I am currently working on a longitudinal dataset in which I aim to cluster individuals based on the trajectory of a single continuous variable measured repeatedly across time (e.g., daily values). The goal is to identify distinct trajectory-based subgroups within the study population and subsequently compare these subgroups in terms of clinical or other downstream outcomes.
Initially, I considered using factor analysis and latent class/profile analysis (LCA/LPA), but I soon realized that these methods are typically designed for situations involving multiple observed variables, often for purposes such as dimensionality reduction or latent construct identification. While these methods might technically accommodate repeated measurements as separate variables, I am uncertain whether they are appropriate or statistically valid when applied to only one construct measured at multiple time points.
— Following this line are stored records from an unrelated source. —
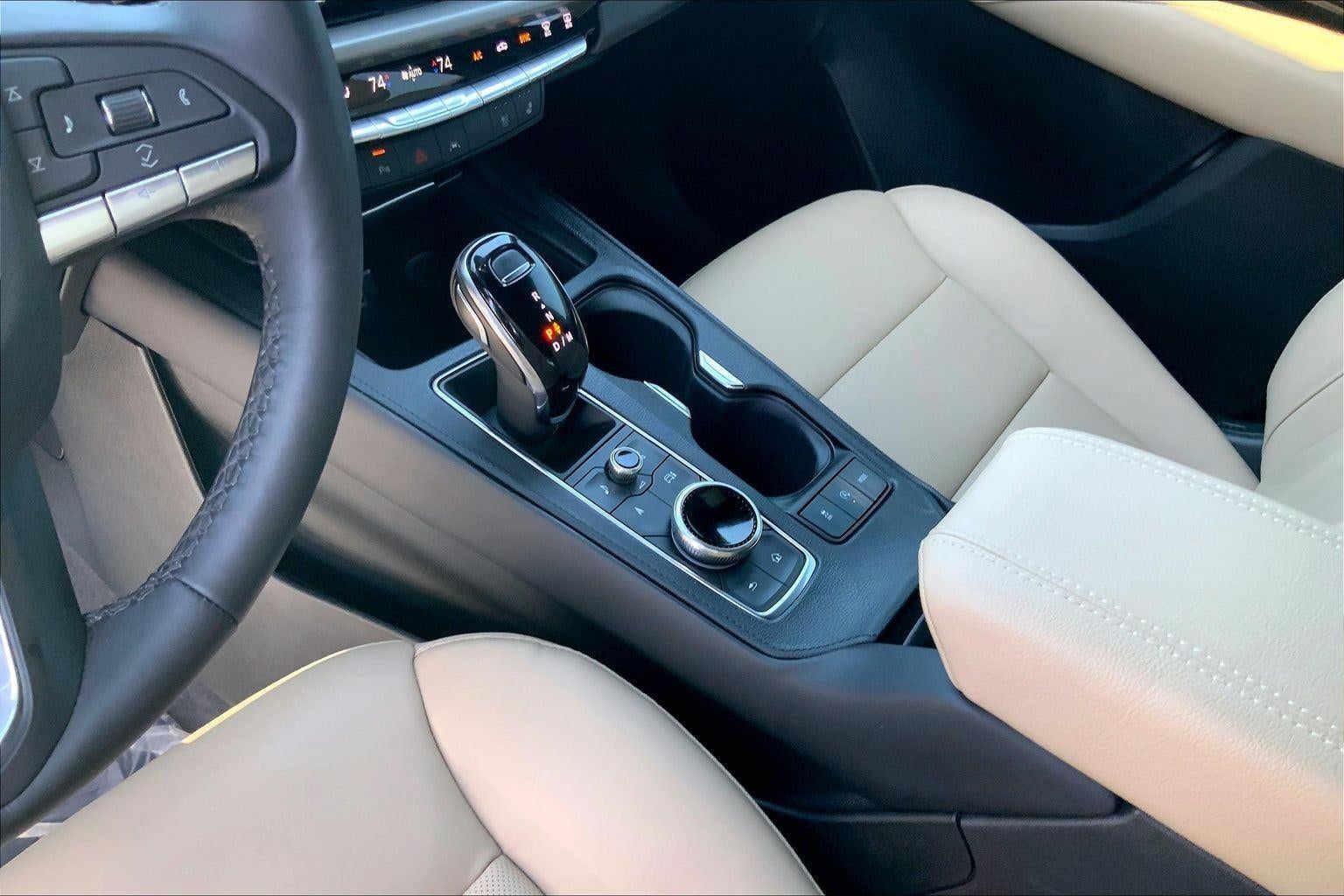 2025 Cadillac XT4 Premium Luxury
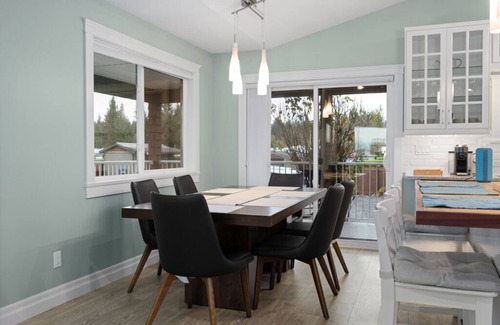 Regional District of Nanaimo House | Island paradise oceanview estate Beautifully Landscaped Oceanfront propertyn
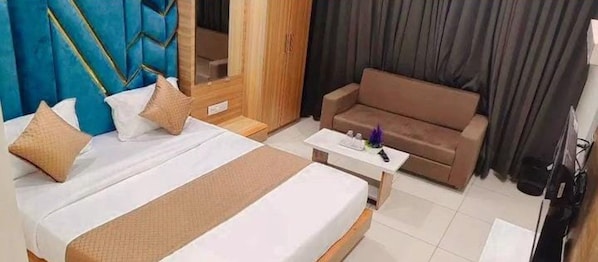 Deluxe Double Room, City View | Laptop workspace, free WiFi - Hotel Dream (Ahmedabad)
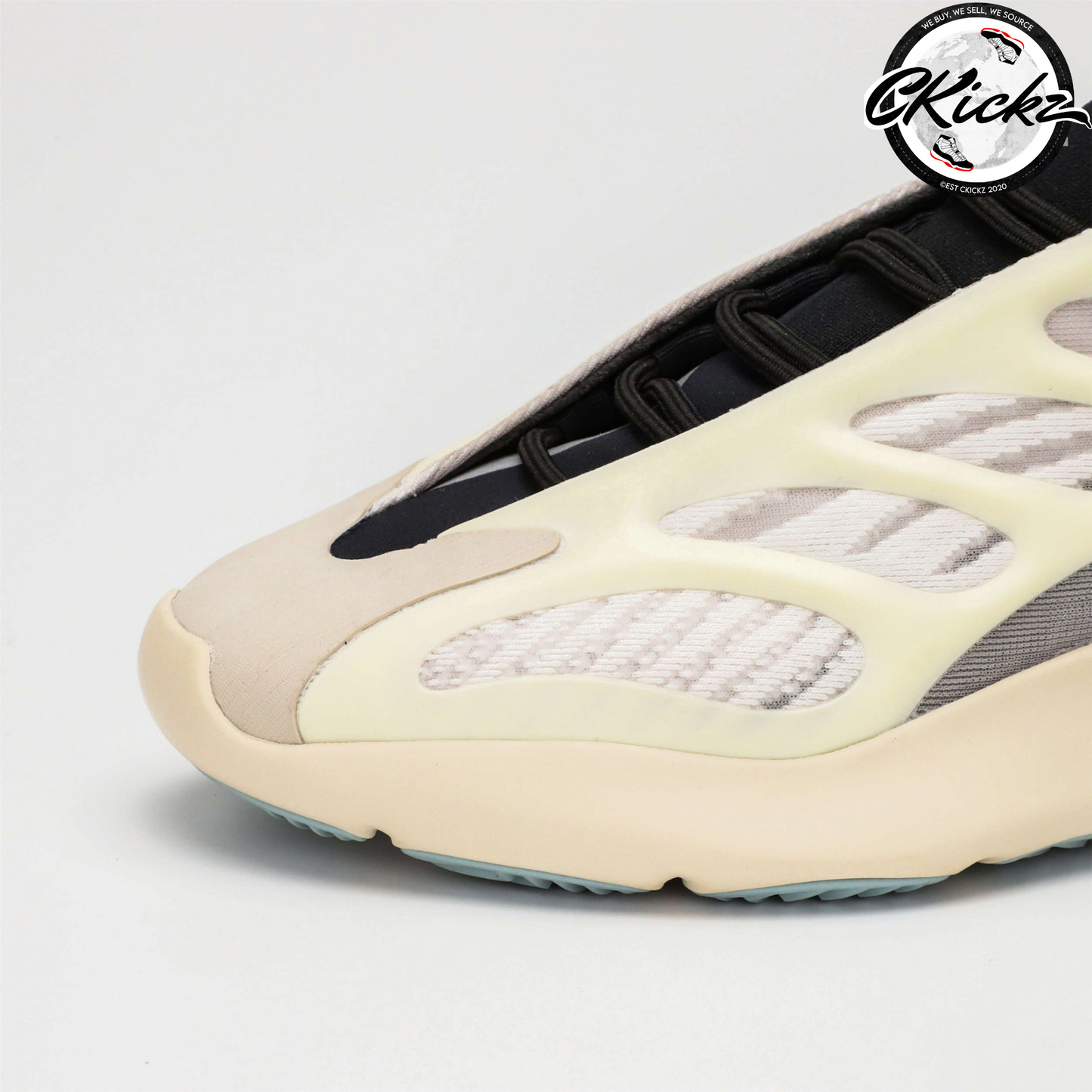 Yzy 700 V3 Azael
As I continued my search, I came across Latent Class Growth Analysis (LCGA) and Group-Based Trajectory Modeling (GBTM), which seem specifically designed for clustering individuals based on their longitudinal patterns of one specific variable. From what I understand, GBTM is essentially a special case of LCGA which assumes that error variance is the same for all classes and all time points. I also encountered Growth Mixture Modeling (GMM), which allows for within-class variability (i.e., random effects).
I believe that LCGA/GBTM or GMM are likely the most appropriate approaches for my aim, but as someone new to this modeling framework, I find the distinctions and assumptions somewhat overwhelming.
Could anyone with experience in trajectory-based clustering kindly provide guidance or point me toward best practices for:
◦ Choosing between LCGA, GBTM, and GMM
◦ Whether using LCA/LPA/FA with repeated measures (as separate indicators) is fundamentally flawed in this context
Any insights, references, or shared experiences would be greatly appreciated.